Nationalized in the 1970s, Venezuela's state-owned oil monopoly, Petroleos de Venezuela SA (PDVSA), managed a highly successful and lucrative sector through the 1990s. But when state workers went on strike in 2002 over plans to politicize the company further, Chavez fired some 180,000 experienced oil workers, leading to a production collapse.

America's Iraq invasion came to his rescue in 2003, spawning historic high-energy prices that helped plug the Venezuelan state's coffers. Emboldened, Chavez spread subsidies around to quell dissent. Then in 2006, he ordered a state takeover of exploration activities from foreign oil companies, driving out additional expertise, and announced a wave of below-market energy supply deals with likeminded regional leaders that continue to this day. (Cuba, for instance, sends state-trained doctors to Venezuela to do community service in exchange for its steep discount).

The same malaise afflicts its natural gas. Venezuela ranks second in the hemisphere behind the US in natural gas reserves, but the South American country uses it all used to support its rickety PDVSA monopoly.

Because Venezuela's oil fields are older and in decline, they require a process known as enhanced oil recovery whereby natural gas is pumped into the oil wells do drive crude out. All of Venezuela's gas production is used this way — an enormous waste of a critical resource.

Indeed, for the past several years, the country has imported natural gas from Colombia to make up for a shortfall.

With world oil prices moderating, US shale gas and tight oil increasing and Venezuela’s efforts to pivot exports toward China stalled, Venezuela’s oil monopoly is showing scant evidence it can convert the massive new reserves into revenue.

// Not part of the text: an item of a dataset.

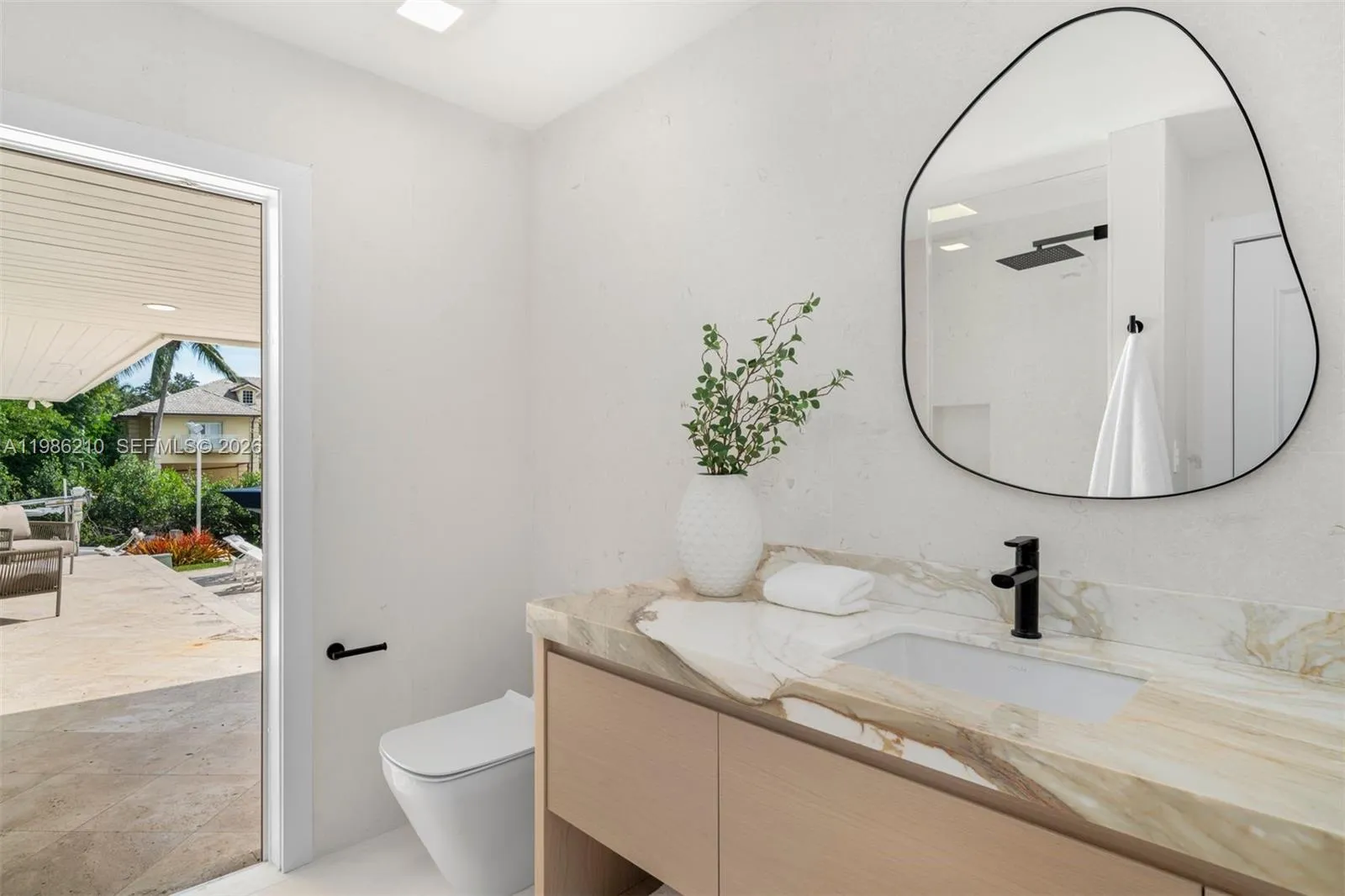 7155 Los Pinos Blvd, Coral Gables, Florida 33143, Coral Gables, Florida 33143, 7 Bedrooms Bedrooms, ,4 BathroomsBathrooms,Residential Lease,For Rent,7155 Los Pinos Blvd, Coral Gables, Florida 33143,A11986210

This is seriously denting sales of Venezuelan government bonds — which, besides more loans from China, are the only way for the government to support its deficit spending.

The standoff in the streets of Valencia, San Cristobal and Merida continue, and few analysts see Maduro facing a Ukrainian exit any time soon.

But the death of Chavez saddled his successor without a compass, with a broken patronage machine, a rickety oil industry and an exhausted national treasury.

Venezuela's Bolivarians are literally running short on fuel.